«L’opera si apre con la testa di Pompeo deposta ai piedi di Giulio Cesare che qualche anno dopo verrà ucciso davanti alla statua del suo amico e rivale. Subendo anche lui congiura e tradimento. Ma l’intricata vicenda di potere e seduzione che prende le mosse da questo esordio sanguinario non ci restituisce il ritratto di un eroe, di un condottiero che ha conquistato il mondo, bensì quello di un uomo stanco sul quale incombono i presentimenti di una fine, della morte».
Il regista Damiano Michieletto (che firmerà il cartellone del Caracalla Festival nell'estate del Giubileo 2025 e metterà in scena il musical West Side Story) presenta il suo «uomo solo, un po’ goffo, che non ne combina una di giusta»: il Giulio Cesare in Egitto, il capolavoro di Händel che ieri, 13 ottore, è stato accolto da lunghi applausi, all’Opera di Roma (repliche fino al 21 ottobre).
La leggendaria storia d’amore tra Cesare e Cleopatra come viene raccontata?
«Tra di loro non si consuma una storia d’amore, ma un dramma sul destino. Sono due persone infatuate, alla vigilia di una fine che entrambi intuiscono».
Però Cesare perde la testa per lei. O no?
«In verità Cesare s’innamora di una donna semplice, umile, una servetta. All’inizio non ha idea che si tratti di Cleopatra. Probabilmente non cerca un amore: come tanti personaggi politici oppressi dal potere, in un rapporto con una donna cercano leggerezza, frivolezza, evasione dalle responsabilità».
Eppure Cleopatra passa alla storia come la regina della seduzione...
«È una donna in crisi di identità.
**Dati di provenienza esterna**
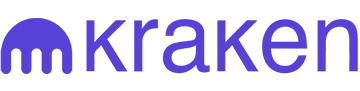 kraken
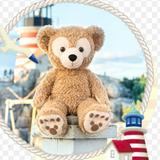 （分類：）位於 。 由 norbywutke 提交（商品編號 1381445613，圖片 1）。簡介： 。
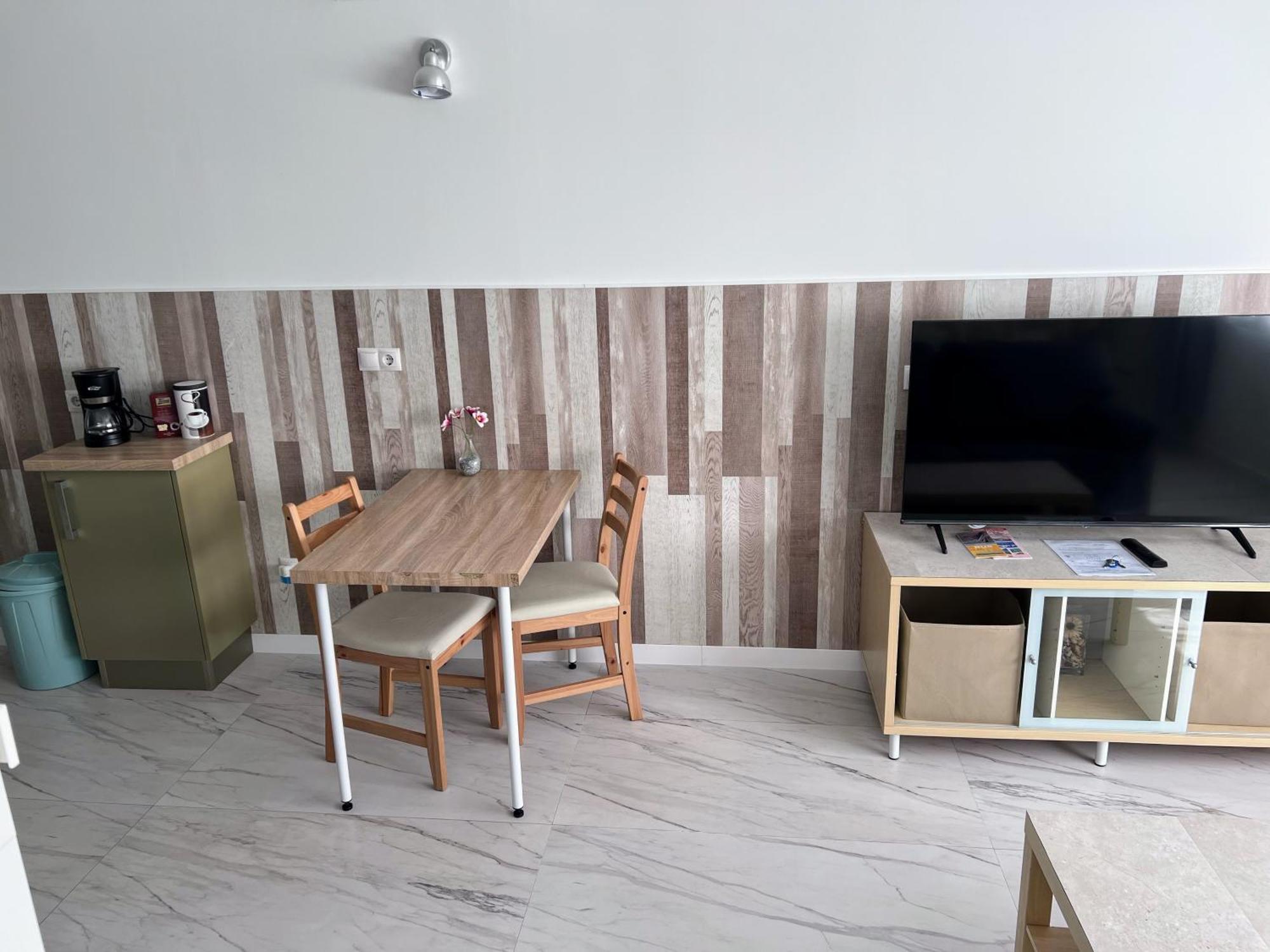 Relax Apartamento 3 ลาสปัลมาส เด กรานคานาเรีย ภายนอก รูปภาพ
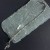 IMG_7335.jpeg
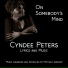 Cyndee Peters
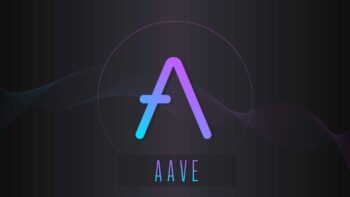AAVE, 매주 100만 달러어치 토큰 매입… ‘AAVEnomics’ 본격 시작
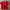 Jersey Manchester United Soljaker 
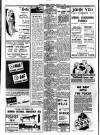 Torquay Times, and South Devon Advertiser Friday 14 March 1941 Page 2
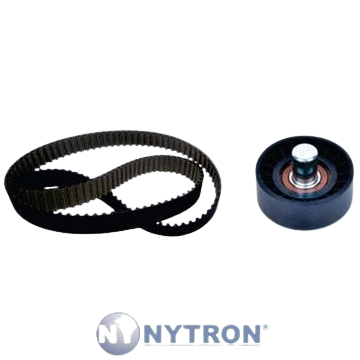 Kit de Distribuição do Motor - Nytron - KIT-9004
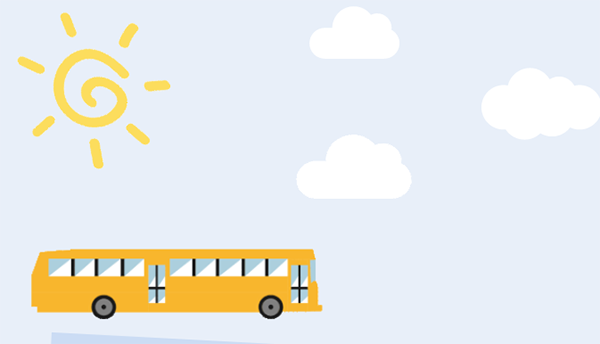 企業EAP培訓心理健康的工作場所的價值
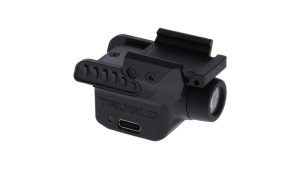 Https3A2F2Fmedia.chattanoogashooting.com2Fimages2Fproduct2FXRTG7620LW2FXRTG7620LW.jpg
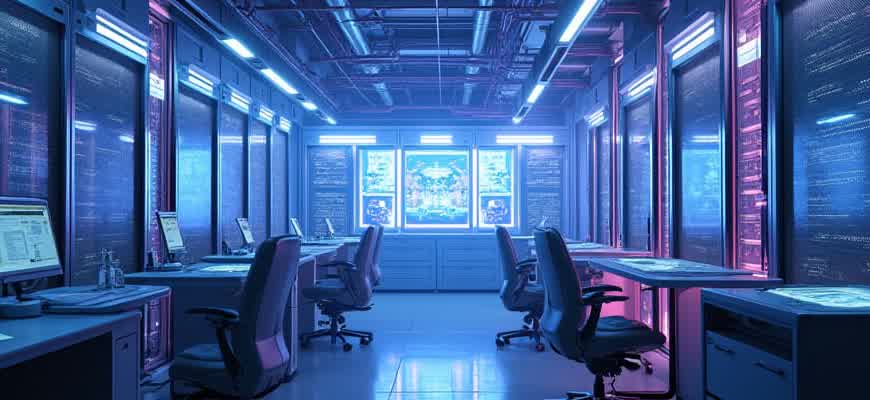 Automation Investment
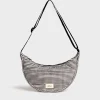Sacs De Taille^WOUF Sac Bandoulière Chloe
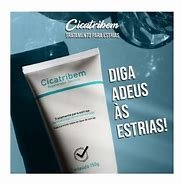 cicatribem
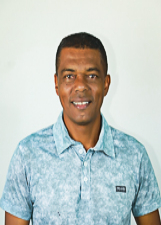 Foto de Amil Gomes dos Santos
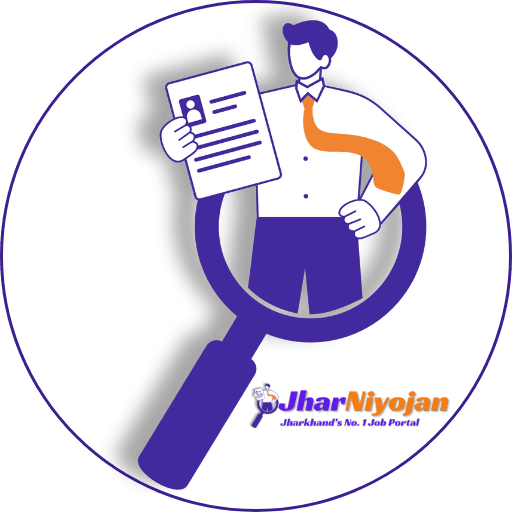 JAC 12th Result 2026: Jharkhand Board Inter Result Date, Direct Link, How to Check @ jacresults.com 2 JharNiyojan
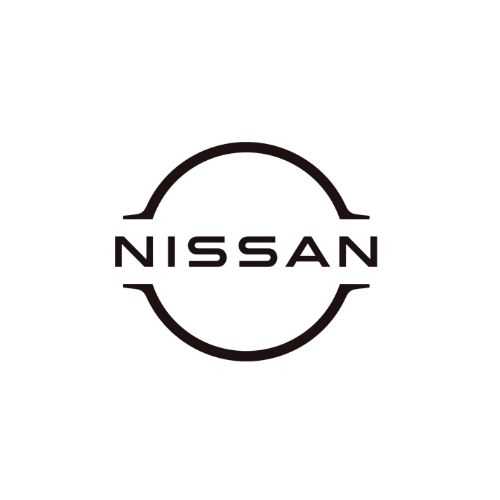 PT. WAHANA PERSADA JAKARTA-NISSAN CIBUBUR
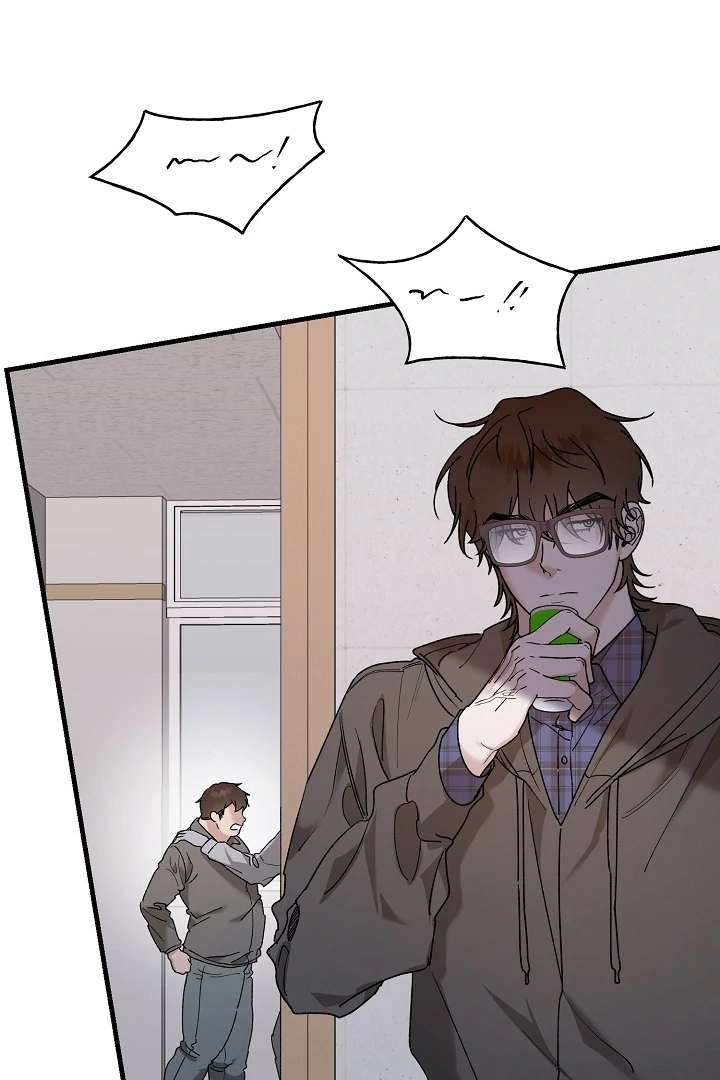 It's a Tiger Chapter 22 page 101 -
Vive profondamente il suo conflitto con il fratello Tolomeo. Entrambi cercano di portare Cesare dalla propria parte. Tolomeo con mosse politiche, Cleopatra con la sensualità. Ma nelle arie che canta confessa la sua fragilità. Cambia continuamente parrucca, vestiti, identità. Vuole regnare, ma sente che tutto è effimero».
A proposito di vestiti: in che epoca siamo?
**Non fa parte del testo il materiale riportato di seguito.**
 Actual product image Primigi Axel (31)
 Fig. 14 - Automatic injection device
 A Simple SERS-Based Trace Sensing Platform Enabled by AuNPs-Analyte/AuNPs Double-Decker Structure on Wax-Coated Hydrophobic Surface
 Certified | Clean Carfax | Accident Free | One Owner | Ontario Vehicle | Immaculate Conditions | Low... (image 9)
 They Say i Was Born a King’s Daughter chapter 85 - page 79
«In un tempo contemporaneo, simbolico. La scena è una scatola bianca che poi si riempie di fili rossi, i fili del fato, quelli che tessono le Parche, leitmotiv dello spettacolo. Con il loro filo rosso, della vita e della morte, trasformano il palco in una ragnatela. E nella trappola dove finisce Cesare. La premonizione si manifesta con la comparsa dei congiurati. Solo loro avranno le toghe».
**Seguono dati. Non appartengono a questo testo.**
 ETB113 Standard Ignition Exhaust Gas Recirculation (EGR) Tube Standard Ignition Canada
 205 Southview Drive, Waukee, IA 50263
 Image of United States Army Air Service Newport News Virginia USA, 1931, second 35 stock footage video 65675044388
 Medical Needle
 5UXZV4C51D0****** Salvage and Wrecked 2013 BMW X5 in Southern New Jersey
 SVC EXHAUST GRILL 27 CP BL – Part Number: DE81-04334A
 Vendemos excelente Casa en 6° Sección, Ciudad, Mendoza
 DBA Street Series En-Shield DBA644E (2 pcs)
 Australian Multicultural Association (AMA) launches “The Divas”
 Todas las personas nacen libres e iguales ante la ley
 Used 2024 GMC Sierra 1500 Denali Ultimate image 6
Un Giulio Cesare frivolo in amore, ma oppresso da premonizioni: su cosa verte la sua riflessione?
«Il centro del lavoro è una meditazione della morte. Giulio Cesare sembra uno spettatore. L’azione viene condotta dagli altri: Tolomeo uccide, Sesto cerca vendetta, Cleopatra seduce. Lui ha già fatto tutto, ha scritto il De bello Gallico, ha conquistato il mondo. Ora fa i conti con la consapevolezza di un imminente tramonto».
In questo allestimento nei panni di Giulio Cesare c’è un uomo, il controtenore Raffaele Pe. A Parigi era interpretato da una donna, a Lipsia da un uomo, mentre nei panni di Sesto c’era una cantante. La musica barocca ha qualcosa da suggerire al tema della fluidità di genere?
«Queste opere vennero composte per essere cantate da uomini castrati con la “voce degli angeli”. Oggi si fanno scelte legate all’interprete. Il tema dell’identificazione uomo-donna sulla scena non è mai esistito. Il palcoscenico ha sempre giocato sulla finzione. Il teatro shakespeariano era fatto tutto da uomini. La verità è che non cambia niente».